Now is the age of anxiety

Proludium

1890 beschreibt Winston Churchill von der „Russischen Grippe” inspiriert -poetisch die Verbreitung und die Auswirkungen einer weltweiten Pandemie.

2020 beschreibt Brenton Broadstock eine ebensolche und übersetzt seine von der Corona-Pandemie inspirierten Gedanken in Musik.

Das Stück beginnt mit einem Urschrei des Chores, der durch das Streichquartett mit wilden Sechzehntelläufen begleitet wird.

Auden

W. H. Audens Gedicht The Age of Anxiety, 1947 als das letzte seiner längeren Werke veröffentlicht, beschäftigt sich mit den Auswirkungen der zunehmenden Industrialisierung auf die menschliche Psyche. Die beschriebene innere Anspannung und Angst angesichts der Automatisierung einst menschlich getriebener Prozesse überträgt Broadstock auf die Gefühlslage der Menschheit zu Zeiten der Corona-Pandemie.

Nach mehrmaligen Rufen im fortissimo entschleunigt sich das Tempo und der Chor beginnt, den ersten von drei eingebundenen Texten zu singen: „Now is the age of anxiety”.

Churchill

Zwischen den Teilen, in denen der Chor das Zeitalter der anxiety besingt, stehen Auszüge aus Winston Churchills Gedicht The Influenza, verfasst 1890.

Der Text beginnt mit der Frage „Wie soll ich die Menge der Übel, die aus dieser Krise gefolgt sind, ausdrücken oder messen“? 

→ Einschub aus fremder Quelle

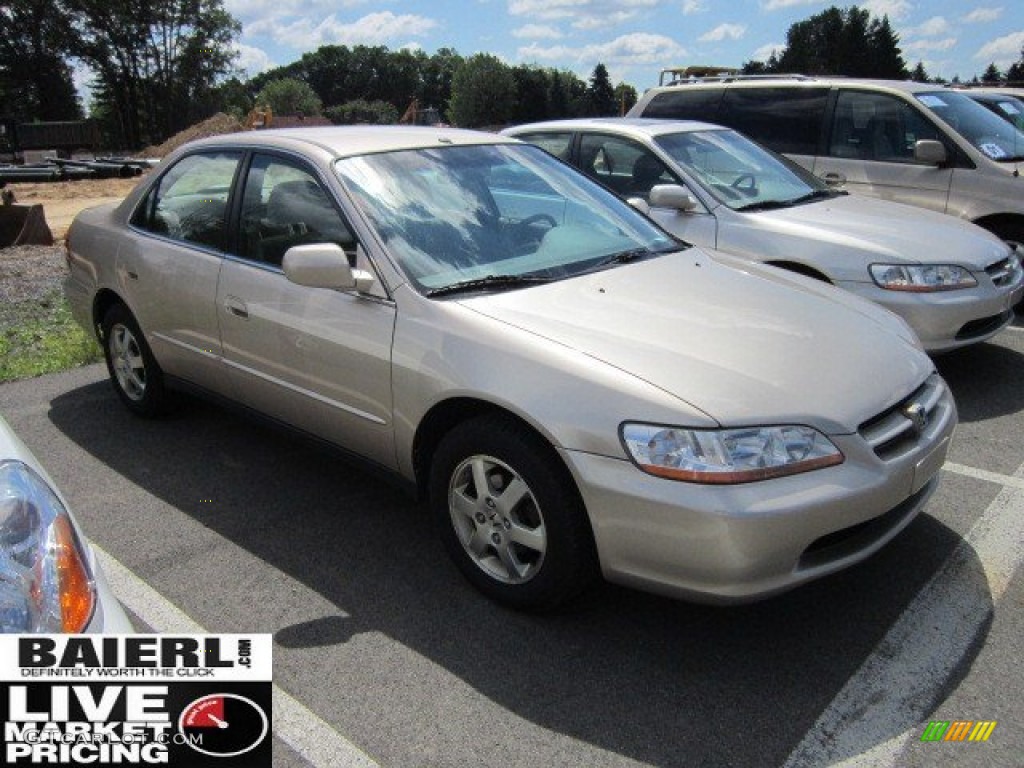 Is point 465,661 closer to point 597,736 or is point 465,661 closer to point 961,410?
point 597,736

Auf diese vom Chor a cappella gestellte Frage folgt der Versuch einer Antwort, die einen geographischen Ansatz nimmt: Die Pandemie wird über ihre Aus-breitung nachverfolgt, dabei wird der Chor vom pizzicato des Streichquartetts begleitet.

Dabei fällt auf, dass Churchill aus der Perspektive eines Engländers schreibt, für den „seine“ Pandemie, die “Russische Grippe”, bereits in der Vergangenheit liegt. Im Gegensatz dazu die Perspektive des Komponisten: dieser komponiert Pandemic in einer Zeit, als die Corona-Krise noch recht jung und ihr Ende kaum abzuschätzen war. 

Lynn

Den Schluss von Broadstocks Beitrag bildet eine abgeänderte Fassung des Gedichtes What It Cannot Do von Dr. Robert L. Lynn. Ursprünglich war dessen Thema der Kampf gegen Krebs und dessen Ohnmacht im Gegensatz zur menschlichen Hoffnung und dem Mut, sich einer Krankheit entgegenzustellen. Broadstock ersetzt das Wort cancer durch it und überträgt damit den Inhalt auf das Corona-Virus.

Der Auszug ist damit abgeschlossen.